You need to define the scan pattern to use. Diagonals in matrices most naturally divide into an odd number, not an even number. For example in an 8 x 8 matrix, the matrix divides naturally into diagonals of length 1+2+3+4+5+6+7+8+7+6+5+4+3+2+1 = 64, which is 15 diagonals that would traditionally be numbered -7 to +7
In the example diagram you show, look at the bottom row. The left square is white. If we take that square as column 1, and let the columns be evenly spaced apart by distance D, then because the right column is also white, we arrive at the equation 1 + 10*D = 100 for some D. Clearly D cannot be integral.

7 Comments

thanks a lot sir.. can u please give the code for splitting 100*100 binary image into 19 diagonal parts..
What form do you want these 20 bands (10 for each slant direction I presume) in? Each band will have a different number of pixels in it. Do you want each band to be a cell array containing a 1-D list of all the pixel values in that band?

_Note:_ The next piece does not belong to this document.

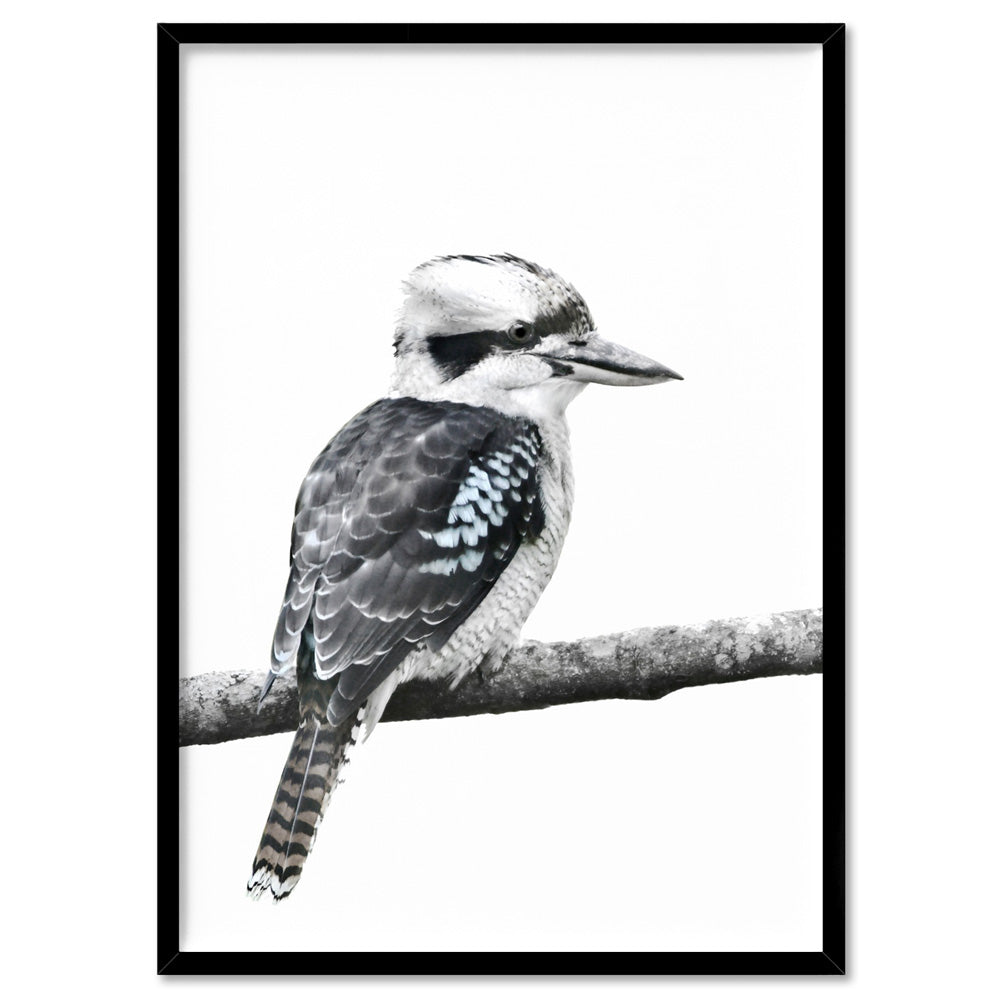 Kookaburra on Branch - Art Print, Poster, Stretched Canvas, or Framed Wall Art Print, shown in a black frame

Here are 20 diagonals that cover the image, but the second half are not symmetric length with the first. I am investigating
B = fliplr(YourImage);
diags = cell(20,1);
for J = 1 : 20
T = cell(10,1);
for K = 1:10
T{K} = diag(B, (J-11)*10+K);
end
diags{J} = vertcat(T{:});
end
@Image Analyst: the 20 bands should be as in the above image.each band will have different number of pixels.Initially image should be split into left aligned diagonal bands, no. of white pixels in each band should be counted and stored. similarly image should be split into right aligned diagonal bands,no. of white pixels should be counted and stored.
@Walter Roberson: Thanks for your code. But my binary image is converted to grayscale image by this. Can you help me..
The image you showed at the very top is not binary - there are several gray levels there. Which variable is your binary image? Which line converts it into gray levels other than 0 and 1 (or 0 and 255)?
My testing shows that the output is a cell array of whatever class YourImage is.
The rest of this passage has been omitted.